» **Task to carry out**:
The listing below must be repeated word for word, without its pictures.

» **Dataset excerpt**:
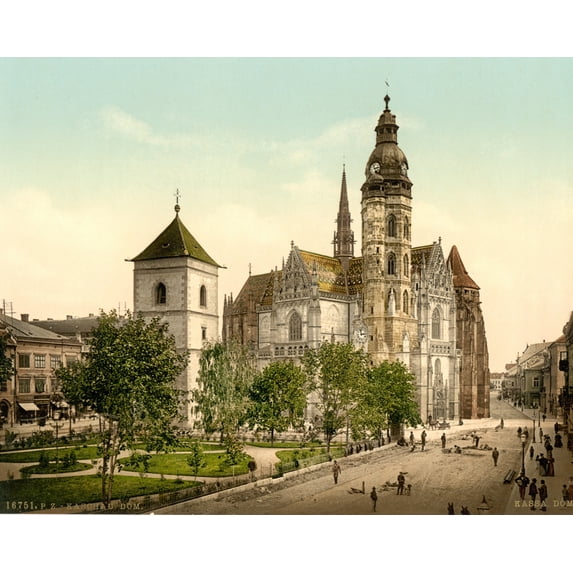 Print: The Cathedral, Kaschau, Hungary, Austro-Hungary, circa 1890
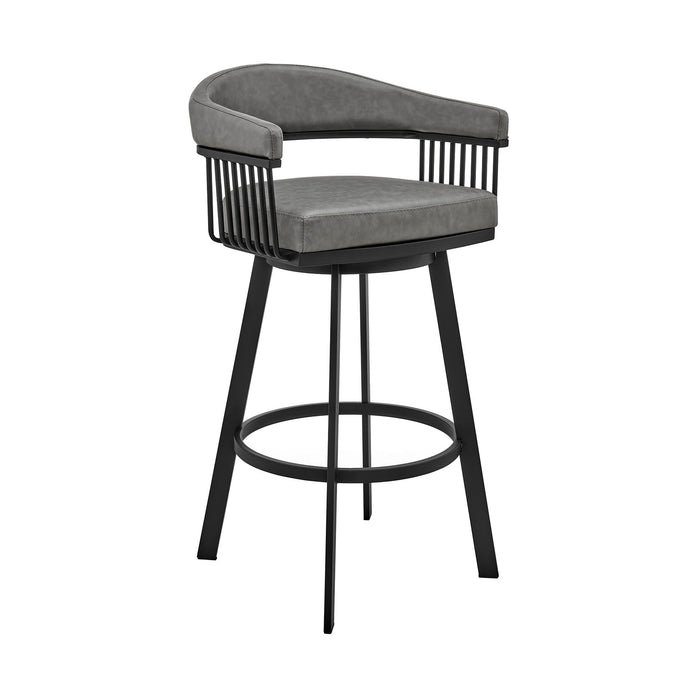 Chelsea - 29" Bar Height Swivel Bar Stool - Black Finish And Gray Faux Leather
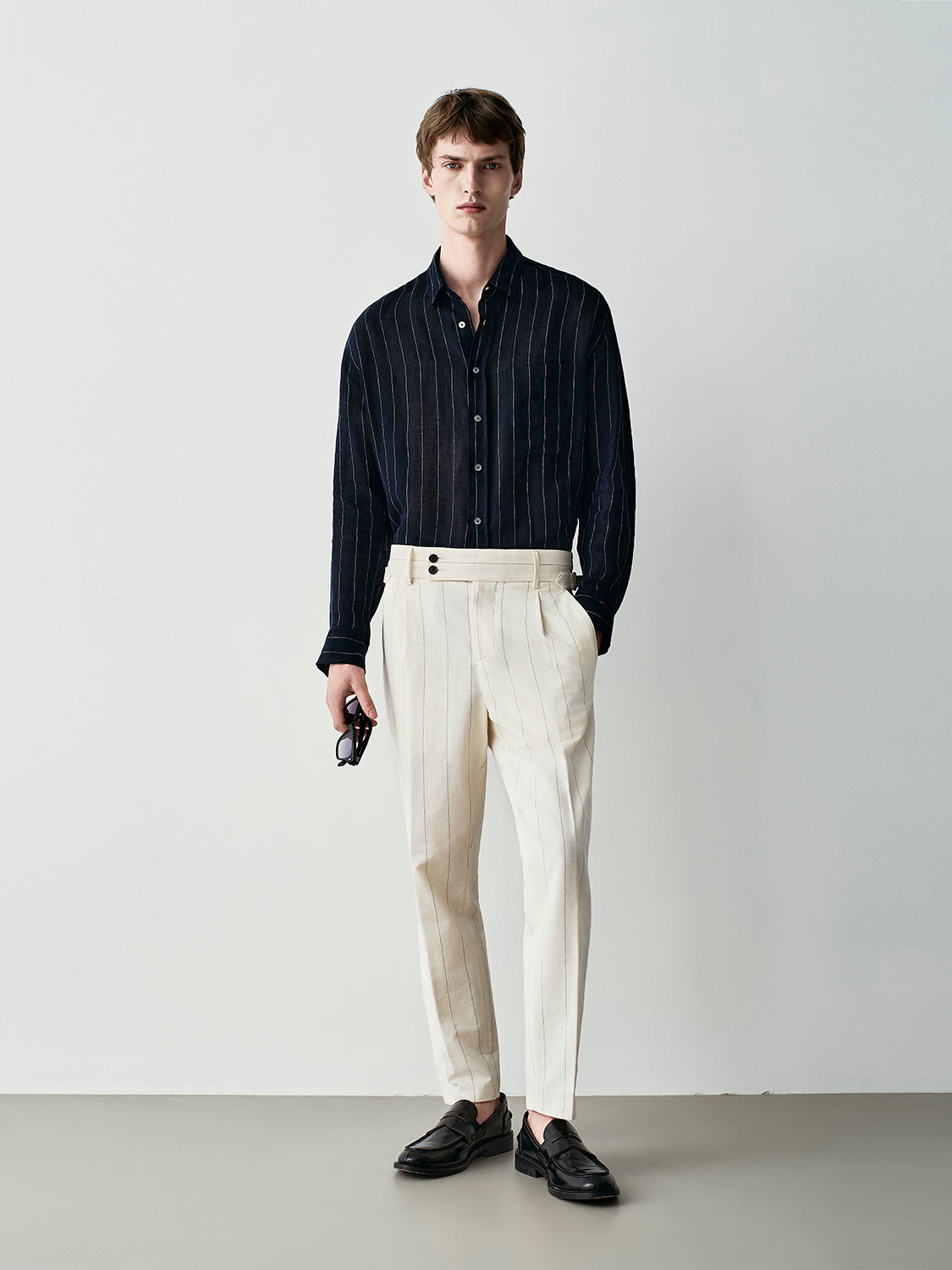 Camicia gessata in lino
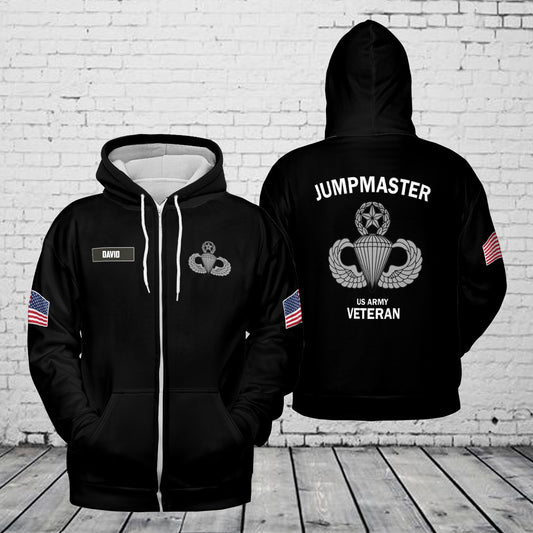 Custom Name US Army Paratrooper Veteran Jump Master AOP Zip Hoodie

» **Reply**:
 Print: The Cathedral, Kaschau, Hungary, Austro-Hungary, circa 1890
 Chelsea - 29" Bar Height Swivel Bar Stool - Black Finish And Gray Faux Leather
 Camicia gessata in lino
 Custom Name US Army Paratrooper Veteran Jump Master AOP Zip Hoodie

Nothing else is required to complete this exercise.